▸ **INSTRUCTIONS TO FOLLOW**
What you write should match, word for word, the lines from the one containing "London Backgound Lettering — 스톡 벡터" through the end of the data, with no pictures.

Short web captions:
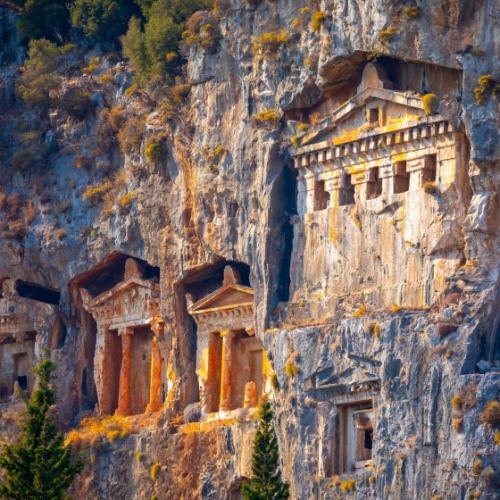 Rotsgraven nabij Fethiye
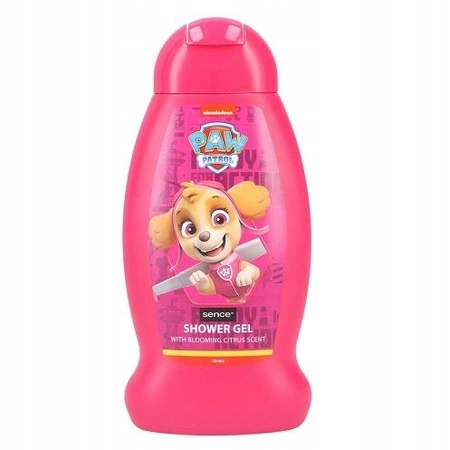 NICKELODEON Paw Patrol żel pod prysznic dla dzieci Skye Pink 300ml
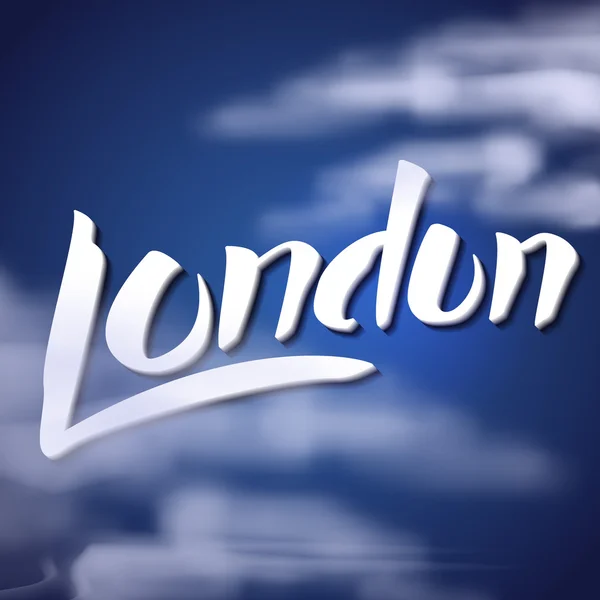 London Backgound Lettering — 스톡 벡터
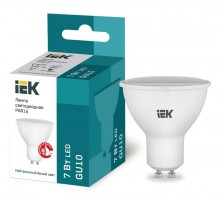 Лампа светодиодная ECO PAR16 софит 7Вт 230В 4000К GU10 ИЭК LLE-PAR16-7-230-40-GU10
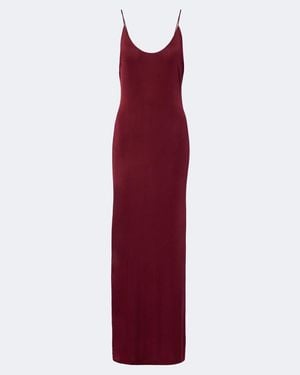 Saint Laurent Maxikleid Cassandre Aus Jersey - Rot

▸ **RESPONSE TO THE EXERCISE**
 London Backgound Lettering — 스톡 벡터
 Лампа светодиодная ECO PAR16 софит 7Вт 230В 4000К GU10 ИЭК LLE-PAR16-7-230-40-GU10
 Saint Laurent Maxikleid Cassandre Aus Jersey - Rot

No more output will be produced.